Hey there, 10 in the morning! How’s it going? I know, we don’t usually meet like this; honestly, I can’t believe I’m even writing this early in the day — me who usually posts mere minutes before it could no longer be considered the day he was supposed to update his blog on.
It’s a blissful coincidence, though, that’s brought us together today. How perfect that Tuesday is Blog Day, the only day I don’t have to be at class before noon, and this Tuesday is the day Infinity Shred decided to drop their new album on our upturned, salivating faces.
Infinity Shred, if you’ve never heard of them, is the somewhat-reinvented and renamed version of Starscream, the guys behind the brilliant Future, And It Doesn’t Work. The title track off that album was featured in the credits of Christine Love’s also-brilliant Digital: A Love Story, and that’s how I originally found out about them.
That’s the short-and-sweet backstory for you. Here in the present, it’s September 10th and I’m waking up to seven glorious FLAC files waiting in my inbox. And against my better judgment, I’m listening to them for the first time, in that nebulous, only-mostly-conscious, doesn’t-really-feel-like-the-day-has-started-yet period halfway between a warm mattress and the cold plastic chair of a college classroom. That is to say I’m listening to Sanctuary for the first time right now. Literally, as I write this. (Edit: Okay, by the time I finished this post, I was onto my second listen.)

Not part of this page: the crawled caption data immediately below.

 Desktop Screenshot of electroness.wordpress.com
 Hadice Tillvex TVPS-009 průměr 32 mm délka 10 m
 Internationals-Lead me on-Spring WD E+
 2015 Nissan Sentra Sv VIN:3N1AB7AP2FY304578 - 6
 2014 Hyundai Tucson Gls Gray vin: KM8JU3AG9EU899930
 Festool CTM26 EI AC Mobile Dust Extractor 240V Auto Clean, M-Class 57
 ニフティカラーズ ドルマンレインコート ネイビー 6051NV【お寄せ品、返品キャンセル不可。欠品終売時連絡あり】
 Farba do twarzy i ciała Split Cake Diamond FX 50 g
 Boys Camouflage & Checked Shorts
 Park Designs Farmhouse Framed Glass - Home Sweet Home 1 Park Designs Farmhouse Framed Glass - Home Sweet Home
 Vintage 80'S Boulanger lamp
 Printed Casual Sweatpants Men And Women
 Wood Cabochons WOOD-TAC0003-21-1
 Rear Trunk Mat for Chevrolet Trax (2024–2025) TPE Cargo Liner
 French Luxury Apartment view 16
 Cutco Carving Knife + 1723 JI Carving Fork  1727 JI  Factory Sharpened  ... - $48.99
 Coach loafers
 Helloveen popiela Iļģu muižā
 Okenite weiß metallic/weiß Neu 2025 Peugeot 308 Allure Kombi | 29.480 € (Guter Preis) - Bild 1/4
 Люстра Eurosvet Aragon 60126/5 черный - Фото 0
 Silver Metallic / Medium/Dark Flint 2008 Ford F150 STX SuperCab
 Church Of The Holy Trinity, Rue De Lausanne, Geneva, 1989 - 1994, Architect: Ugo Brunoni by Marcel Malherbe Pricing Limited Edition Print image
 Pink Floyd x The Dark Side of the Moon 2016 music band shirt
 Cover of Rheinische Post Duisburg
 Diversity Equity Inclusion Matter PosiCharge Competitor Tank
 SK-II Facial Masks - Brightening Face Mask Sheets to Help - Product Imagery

And what do I think? That’s why I’m writing this, right? Hm… what do I think…
Well, it’s always a bad idea to form much of an opinion on the first listen, so all I’ll say is this: It’s not the Starscream I used to love. Neither was Gnar Dream, really. And I’m… okay with that. I’m super okay with that, because I’m not sure you could ever top what turned out to be Starscream’s farewell album, Future, Toward the Edge of Forever. I think the best thing they could have done was hop gracefully from the path they’d blazed and get started blazing a new one. Never stop growing. Never stop reaching. And if Gnar Dream is Infinity Shred’s cautious first step — its “hey guys we have this new sound and we hope you’ll like it” — then Sanctuary is them standing atop a mountain with arms extended toward the sky, challenging the heavens to a rock-off.
Even just one listen confirms that Infinity Shred is still one of the few bands that can completely move me — genuinely, from the inside out. Turn a crap day into something not so crap. Remind me that things are wonderful and life is awesome and the universe is full of radness and possibility. Every song they write seems infused with a childlike awe — about everything. I don’t know where it comes from, but I hope they never lose it, because the world could always use more.
Wait — is that too gushy? Right, right; first impressions. Best not to jump to any conclusions yet. Forget I said anything!
…just be sure to give it a listen as soon as humanly possible.